The heavy machinery arrived quietly. No archaeologist supervised. No permits were filed. And now, at Khirbet Farsin — an ancient site in northern Samaria containing a mikveh (ritual bath), burial caves, and underground passages dating to the Second Temple period — four adjacent plots of Jewish heritage have been plowed, fenced, and transformed into Palestinian agricultural land. The Israeli NGO Regavim has sent an urgent letter to enforcement authorities demanding they stop what it calls an accelerating takeover of state lands that also happens to be one of the most historically significant Jewish sites in the region.

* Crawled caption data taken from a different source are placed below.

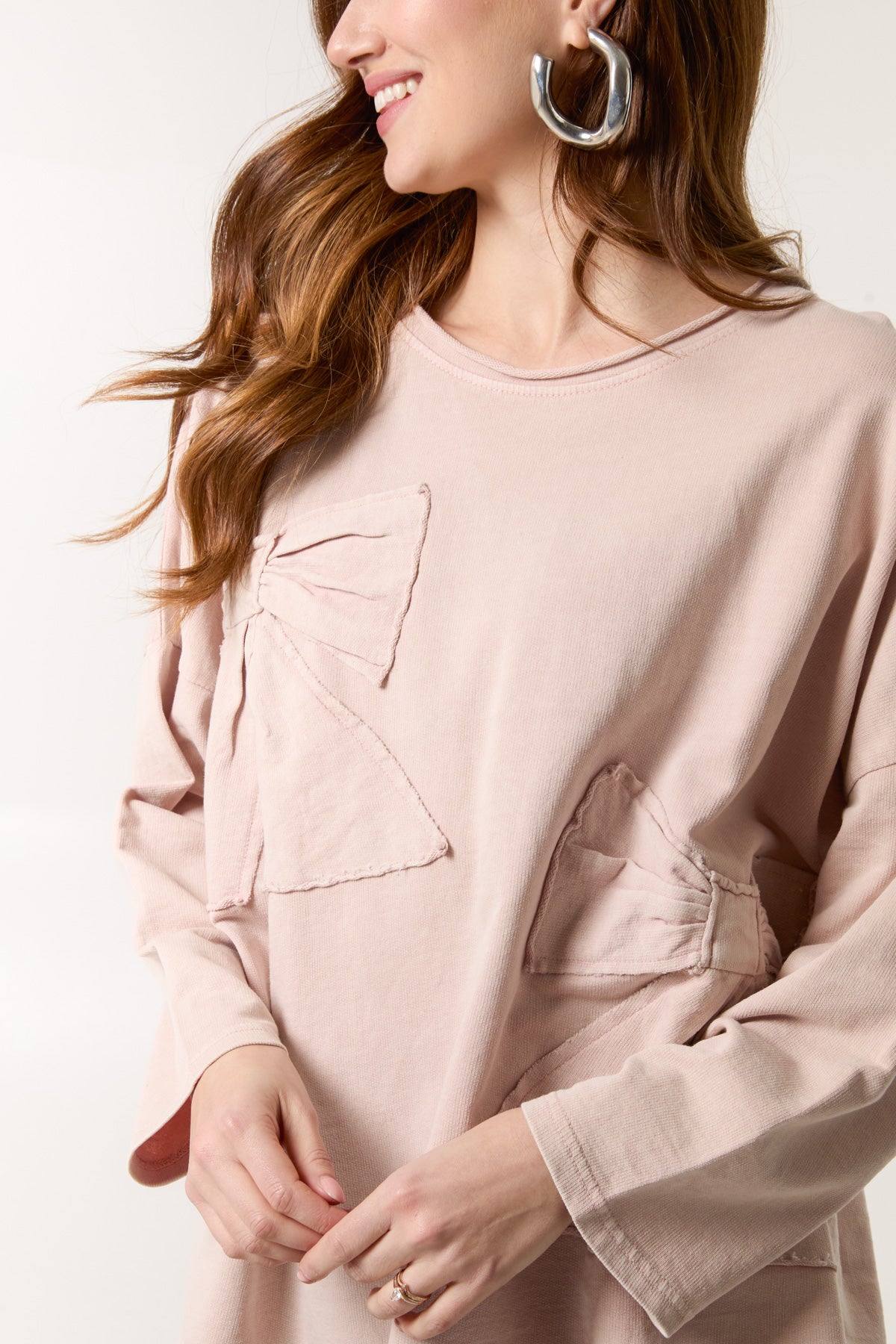 Stone Wash Bow Sweatshirt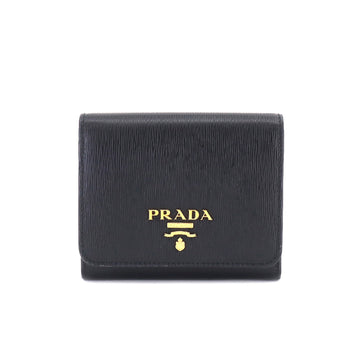 PRADA tri-fold wallet leather black 1MH176 gold hardware Wallet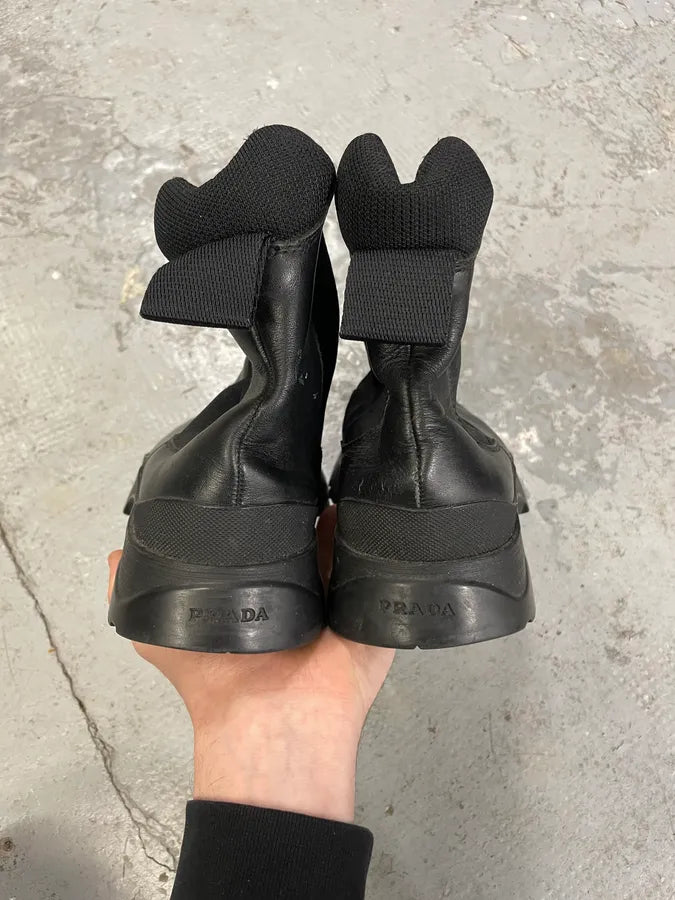 2000s Prada Hybrid Leather Black Boots (44eu/us10) uIURWNv 4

The site preserves both the biblical name Peresh — from the descendants of Menashe — and the Talmudic name Kfar Parshai. It sits less than a kilometer from the Jewish community of Hermesh. Aerial photographs compiled by Regavim show land clearing, and road construction began in 2021 but has intensified sharply over the past two years. The question this raises is not merely legal or archaeological. It is existential: A people severed from the physical evidence of their past is a people who can be told they were never there. The Palestinian Authority is not merely building roads. It is erasing Bblical history one bulldozer at a time.
🚨 INSANITY: A 2,000-year-old religious heritage site is being erased before our eyes.
— Regavim (@RegavimEng) June 2, 2026
At Khirbet Farsin, an ancient Second Temple/Talmudic-era village in northern Samaria, illegal PA-backed agricultural takeover is destroying antiquities, flattening state land, and burying… pic.twitter.com/QkmY7bqhXo
Yossi Dagan, Chairman of the Samaria Regional Council, described Khirbet Farsin as “a site of extraordinary historical and archaeological importance,” adding: “An open history book is being erased. The authorities must overturn the table.”
Regavim’s data identifies approximately 6,000 sites of historical and archaeological importance in Judea and Samaria recognized by the scientific community, of which roughly 2,300 have been officially declared protected. That leaves about 3,700 sites without legal protection. A comprehensive survey found that 80% of the important archaeological sites in Judea and Samaria had been damaged, with half in immediate danger of total eradication. A separate survey by Palestinian archaeologists in 2024 found evidence of looting at 309 of 440 sites examined. Of all the destruction, 90% is being carried out by the Palestinian Authority for development purposes.
Roi Drucker, Regavim’s Judea and Samaria District Manager, said the Khirbet Farsin case is not an isolated incident: “We are witnessing a widespread and destructive phenomenon of wild trampling over historical heritage sites in Judea and Samaria. Enforcement authorities must act immediately.”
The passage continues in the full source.